Exclude the pictures, then quote exactly the lines from the one holding "Maledicta Typeface" through the last line of the records.

'''

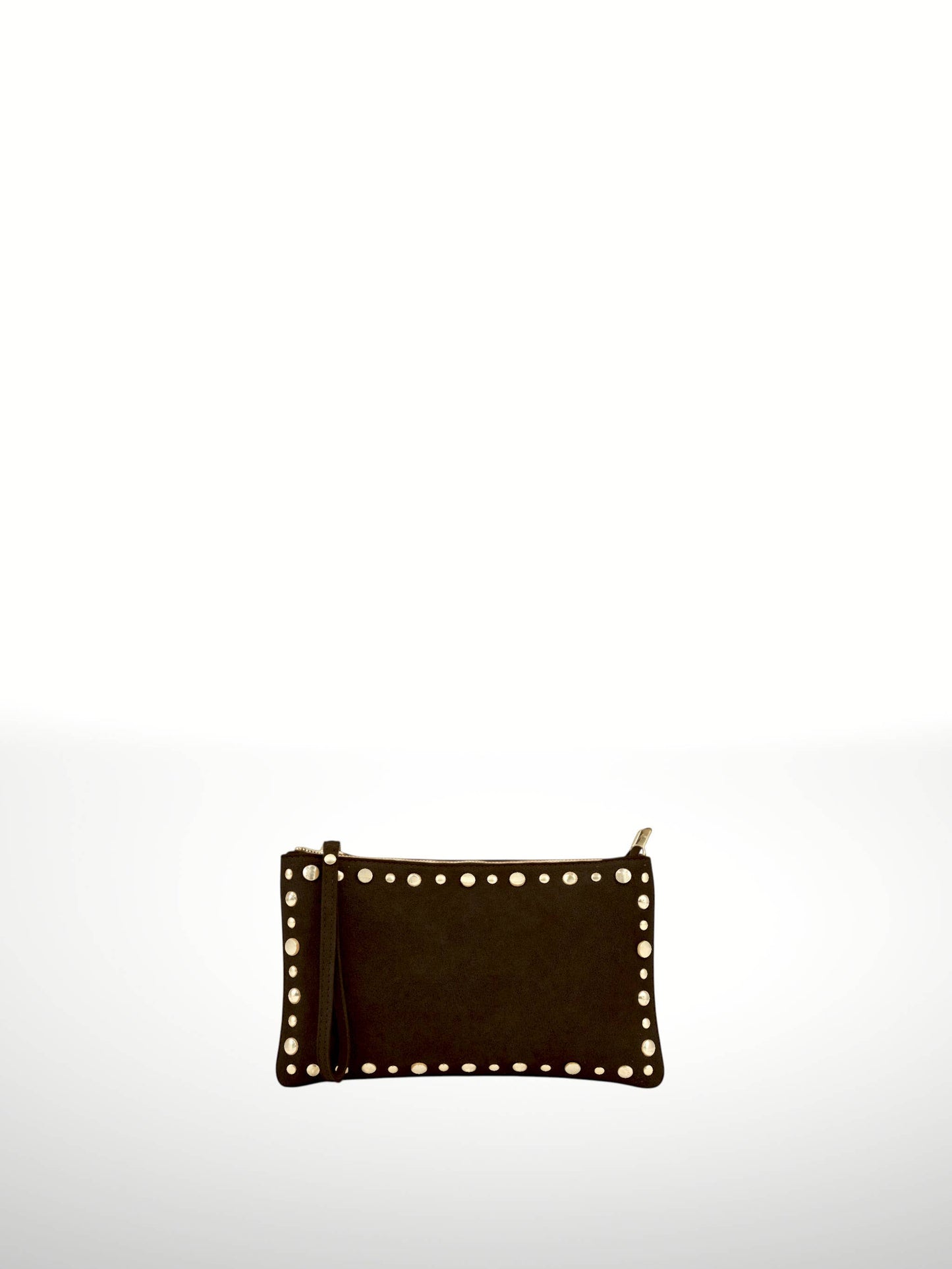 Uniles suede leather handbag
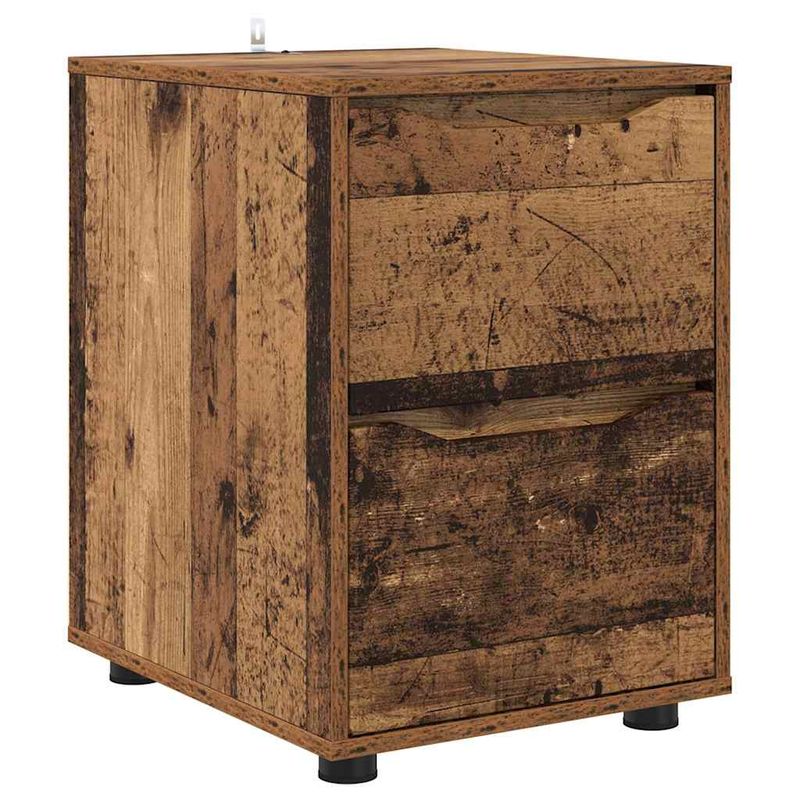 Casa si Gradina - Mobilier - Dulapuri si sifoniere - Dulapuri - Dulap de depozitare Lemn Vechi 40 x 48 x 57 cm Lemn compozit - Infinity.ro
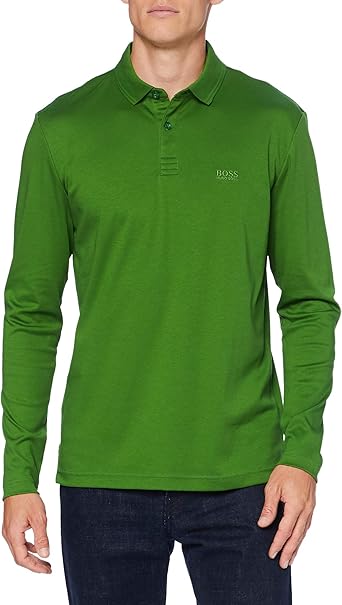 boss pirol long sleeve polo shirt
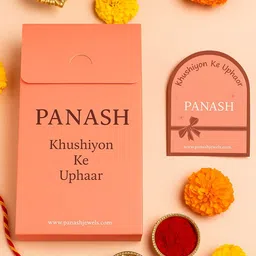 PANASH Gold-Plated Rakhi With Photo Frame & Roli Chawal image 5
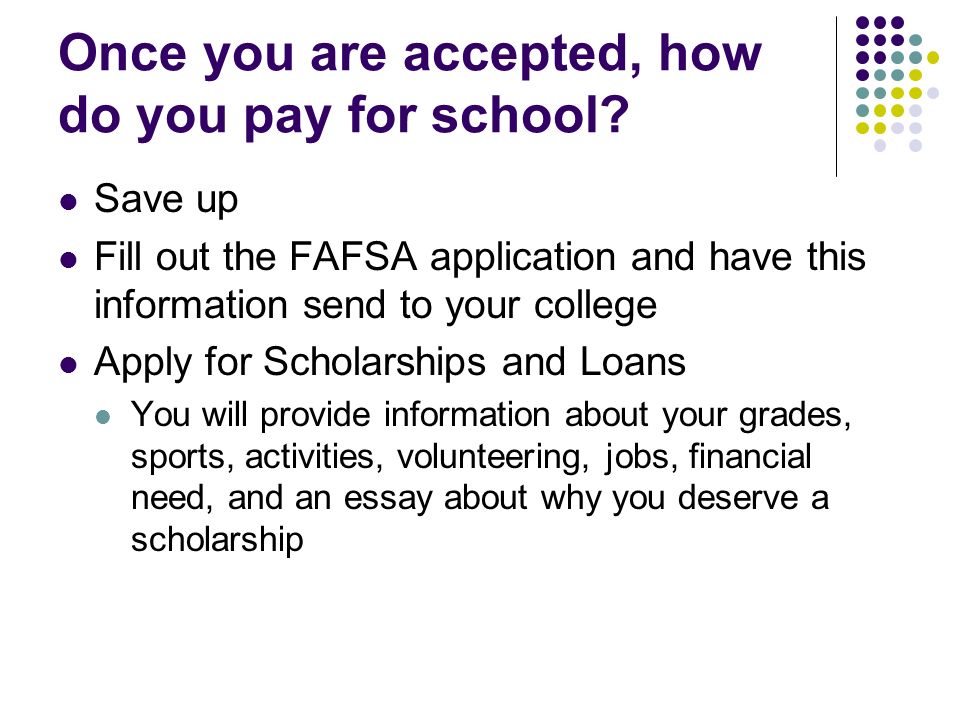 Financial Need Scholarship Essay
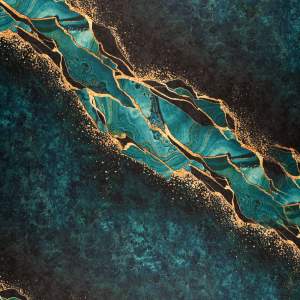 Tkanina Wiskoza Twill – odcienie szmaragdowego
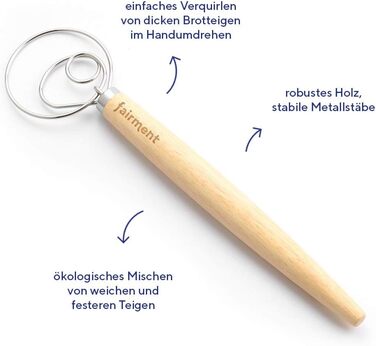 Міксер для тіста Fairment, 10 дюймів - для ідеального тіста для хліба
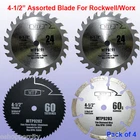 4X 4-1/2 Inch Metal Wood Tile Saw Blade For Rockwell RK3441K Worx RW9281 Compact New. Price: $20.95.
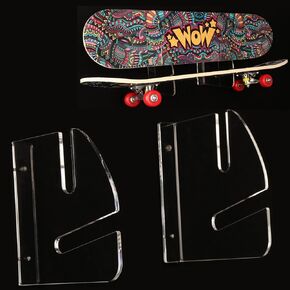 حامل لوح التزلج من QiXin على الحائط، رف عرض لوح التزلج على الحائط، رف تخزين لوح التزلج لعرض سطح لوح التزلج وتأثير التخزين العائم in Kuwait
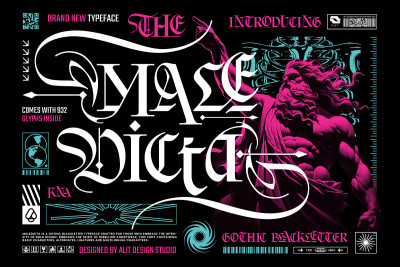 Maledicta Typeface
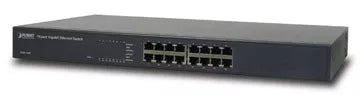 16-prievadų Gigabitinis interneto tinklo šakotuvas Planet GSW-1601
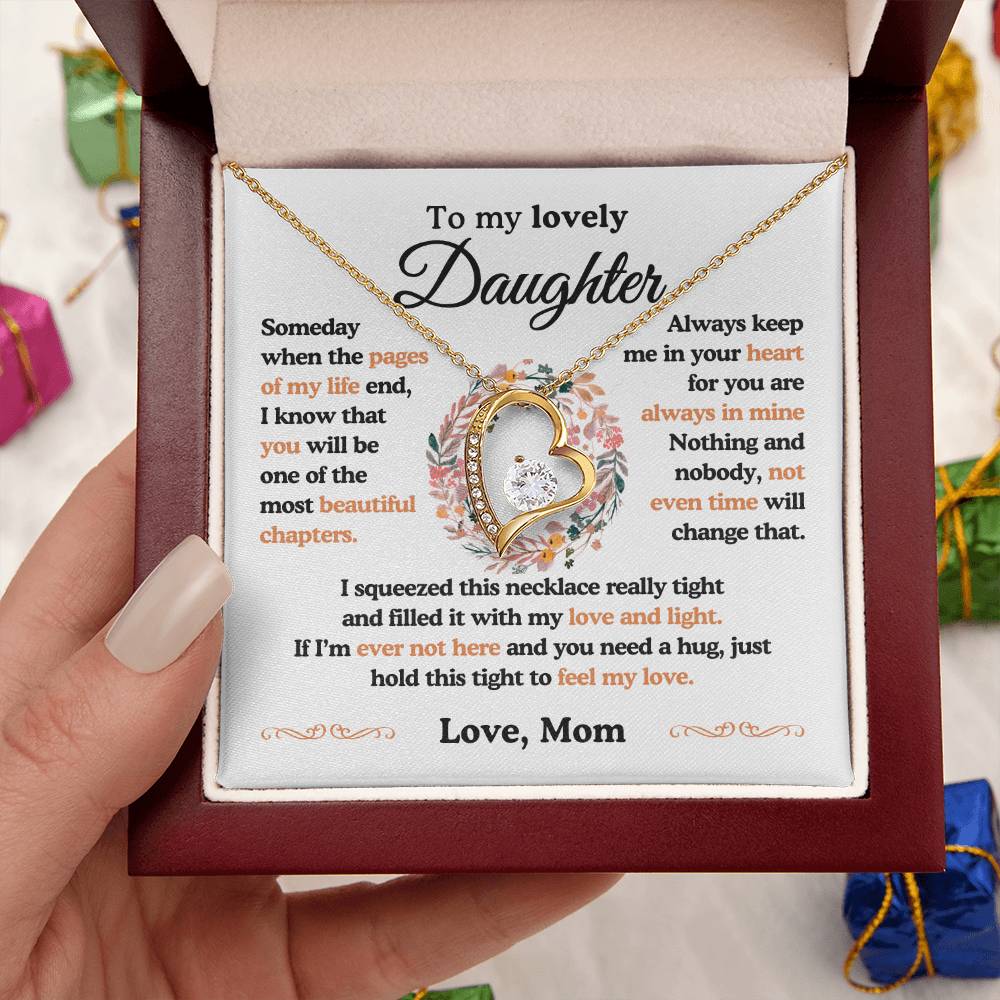 To My Lovely Daughter| The Most Beautiful Chapters| Forever Love Necklace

'''

__Solution to this task__:
 Maledicta Typeface
 16-prievadų Gigabitinis interneto tinklo šakotuvas Planet GSW-1601
 To My Lovely Daughter| The Most Beautiful Chapters| Forever Love Necklace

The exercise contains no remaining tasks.